Viewing PDEs as maps between function spaces My lecturer remarked the other day that studying PDEs essentially boils down to finding a map between function spaces, and the existance and uniqueness of a solution essentially depends on if this map is surjective and injective, respectively. I didn't get a chance to ask him to elaborate, so let me see if I got the idea right: 
Take a PDE of order $k$ in $\mathbb{R}^n$
$$F(\partial^{k}u,\partial^{k-1}u,...,u,x) = 0$$
with initial conditions 
$$u = \phi ,\text{ on a surface }S \subset \mathbb{R}^n$$
Then essentially, $F$ is a function in some space, say $B_1$ ,and $u$ is a function in a different space $B_2$. So if there is no surjective map from $B_1$ to $B_2$, then there can't be a solution $u$ that satifies the above PDE?  
So hypothetically if we for some spaces $B_1,B_2$ could show that there exist a map $M:B_1 \rightarrow B_2$ that is surjective, then we have proved that a solution exists?
Is this (reasonably) correct?
 A: 
studying PDEs essentially boils down to finding a map between function spaces, and the existance and uniqueness of a solution essentially depends on if this map is surjective and injective, respectively

It really doesn't boil down to that.
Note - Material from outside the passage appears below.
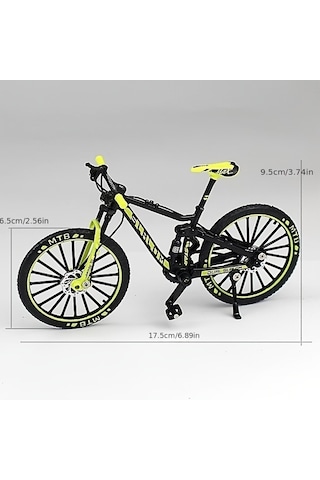 Tcherchi Mini 1:10 Alaşım Bisiklet Ölçekli Model Masaüstü Simülasyon Süs Parmak Dağ Bisikletleri Kırmızı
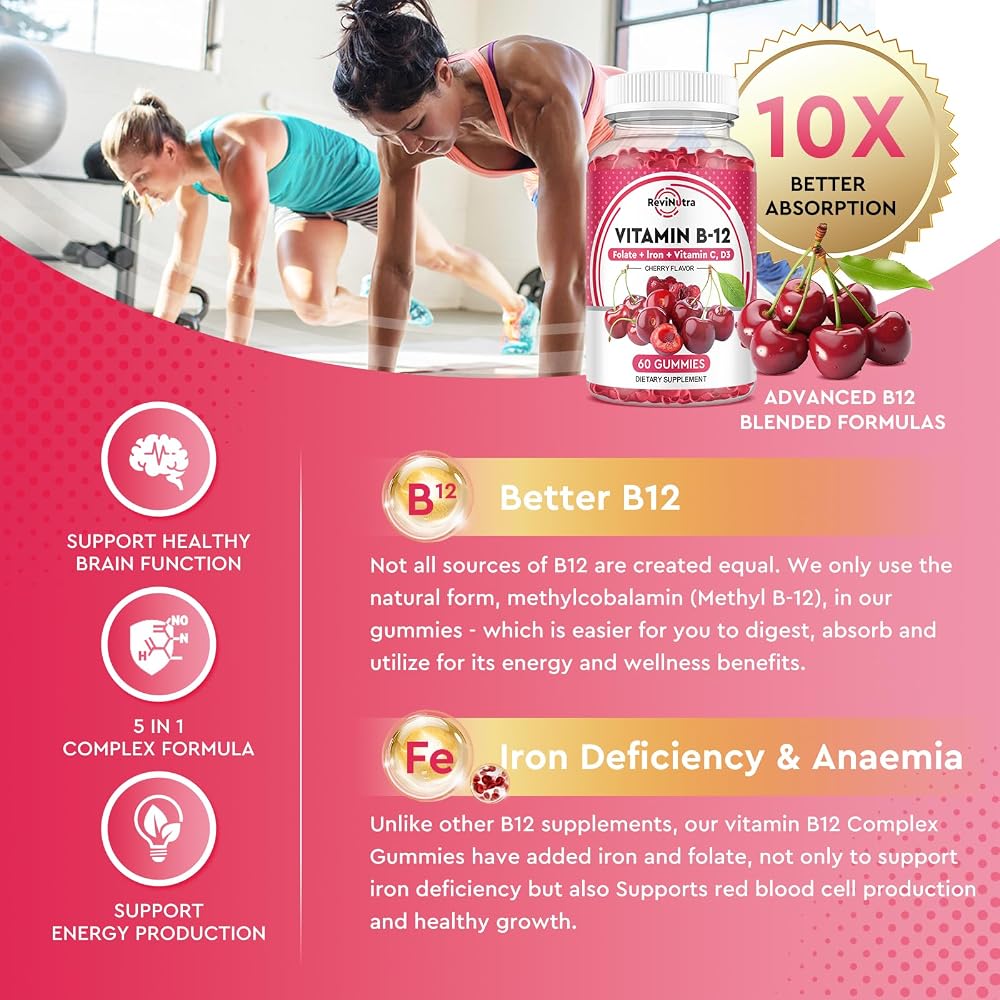 ReviNutra Vitamin B12 Gummies Baba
If you take a brief look of Gilbarg and Trudinger's elliptic PDE book, you will see that most of it is not about maps between  Banach spaces or Hilbert spaces. Or, to pick up another book, Partial Differential Equations by Evans, with emphasis by the author:  

PDE theory is not a branch of functional analysis. Whereas certain classes of equations can profitably be viewed as generating abstract operators between Banach spaces, the insistence  on an overly abstract viewpoint, and consequent ignoring of deep calculus and measure theoretic estimates, is ultimately limiting. 

As for your question: 

Then essentially, $F$ is a function in some space, say $B_1$ ,and $u$ is a function in a different space $B_2$. So if there is no surjective map from $B_1$ to $B_2$, then there can't be a solution $u$ that satifies the above PDE?  

This is false and frankly, makes very little sense. The placement of $F$ and $u$ is wrong. Moreover, the lack of a surjective map does not mean there is no solution for a specific right-hand side.   

So hypothetically if we for some spaces $B_1,B_2$ could show that there exist a map $M:B_1 \rightarrow B_2$ that is surjective, then we have proved that a solution exists?

Also false. The existence of some surjective map $M:B_1\to B_2$ between Banach spaces does not prove anything about the existence of solution to a PDE. Existence would follow if this map was actually an application of the differential operator in the left hand side of the PDE.